Compress a sequence of dictionaries in which values that occur multiple times are deduplicated. The corresponding keys will be merged into a single string using the "|" character as a separator. This is useful to preserve referential identities when decompressing the dictionary after it has been serialized and deserialized.

Parameters

PARAMETER DESCRIPTION
seq

Sequence of dictionaries to compress

TYPE: Optional[Iterable[Dict[str, Any]]] DEFAULT: None

multi_tee

Makes copies of an iterable such that every iteration over it starts from 0. If the iterable is a sequence (list, tuple), just returns it since every iter() over the object restart from the beginning

FrozenDict

Bases: dict

Copied from spacy.util.SimpleFrozenDict to ensure compatibility.

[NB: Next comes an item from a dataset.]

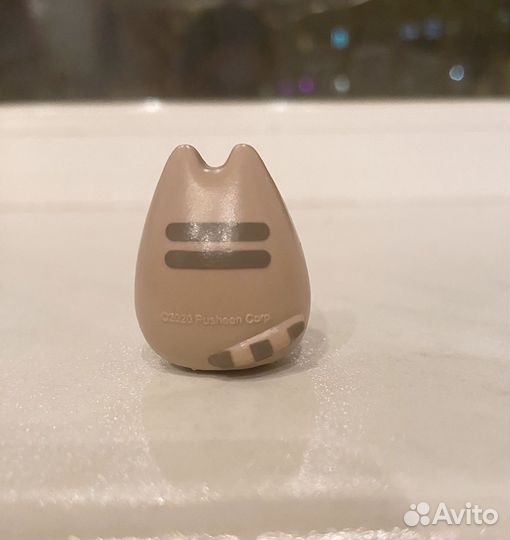 Фигурка Pusheen cat из киндер сюрприз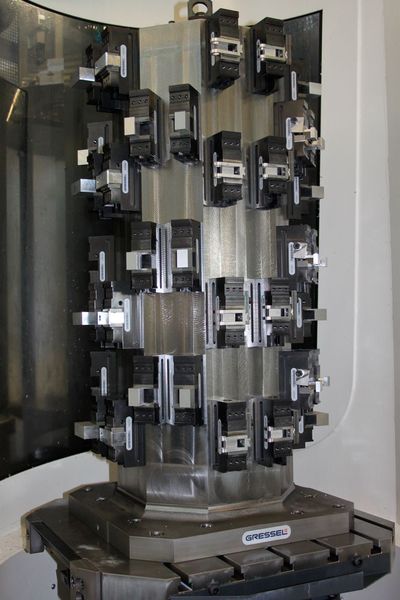 Wechselpalette (500 x 500 mm) mit einem «Gressel-Spannturm 8-fach» und 56 Stück darauf aufgebauten Kleinteil-Spanner «Solinos 40».  (Schubert)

Initialize the frozen dict. Can be initialized with pre-defined values.

error (str): The error message when user tries to assign to dict.

FrozenList

Bases: list

Copied from spacy.util.SimpleFrozenDict to ensure compatibility

Initialize the frozen list.

error (str): The error message when user tries to mutate the list.

ld_to_dl

Convert a list of dictionaries to a dictionary of lists

Parameters

PARAMETER DESCRIPTION
ld

The list of dictionaries

TYPE: Iterable[Mapping[str, T]]

RETURNS DESCRIPTION
Dict[str, List[T]]

The dictionary of lists

dl_to_ld

Convert a dictionary of lists to a list of dictionaries

Parameters

PARAMETER DESCRIPTION
dl

The dictionary of lists

TYPE: Mapping[str, Sequence[Any]]

RETURNS DESCRIPTION
List[Dict[str, Any]]

The list of dictionaries

decompress_dict

Decompress a dictionary of lists into a sequence of dictionaries. This function assumes that the dictionary structure was obtained using the batch_compress_dict class. Keys that were merged into a single string using the "|" character as a separator will be split into a nested dictionary structure.

Parameters

PARAMETER DESCRIPTION
seq

The dictionary to decompress or a sequence of dictionaries to decompress

TYPE: Union[Iterable[Dict[str, Any]], Dict[str, Any]]

batchify

Yields batch that contain at most batch_size elements. If an item contains more than batch_size elements, it will be yielded as a single batch.

Parameters

PARAMETER DESCRIPTION
iterable

TYPE: Iterable[T]

batch_size

TYPE: int

drop_last

TYPE: bool DEFAULT: False